The next frontier in military recruitment isn’t a high school hallway or a grocery store entrance. It’s YouTube.
For years, Air Force officials have bemoaned the growing number of Americans who are too overweight for military service, have a criminal record, or are simply uninterested in enlisting. Recruiters are struggling to hit the service’s goal for new airmen in what they call the toughest year since 1999.
What’s more, initiatives to build a force that reflects the U.S., with more women, people of color and other minorities, aren’t bearing fruit as quickly as leaders would like.
But airmen who have amassed followings on YouTube, America’s most popular social media platform, told Air Force Times that even after the coronavirus pandemic temporarily shut down in-person recruitment, the military still doesn’t understand what it needs to do to meet Generation Z and Millennials where they are: online.
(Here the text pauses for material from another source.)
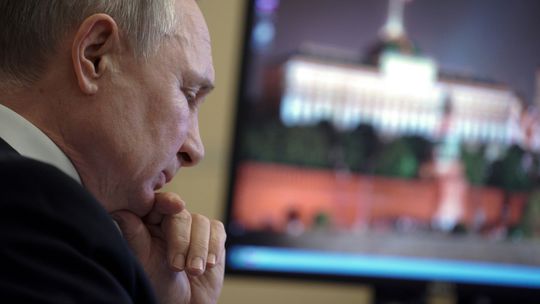 PODCAST: Putin jadrovými zbraňami napína svaly, ale pripravuje si aj pôdu na ústup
“They’re always like, ‘Oh, [operational security], we don’t want you to post anything,’” said Capt. Veronica Collins, a medical officer at Joint Base San Antonio, Texas, with nearly 10,000 subscribers and more than 1 million views on her YouTube channel.
“Social media is how we get the attention and the recruitment and the diversity,” she said. “They need to break away from that tradition.”
Official Air Force ads portray people who are airmen; YouTubers show airmen who are people.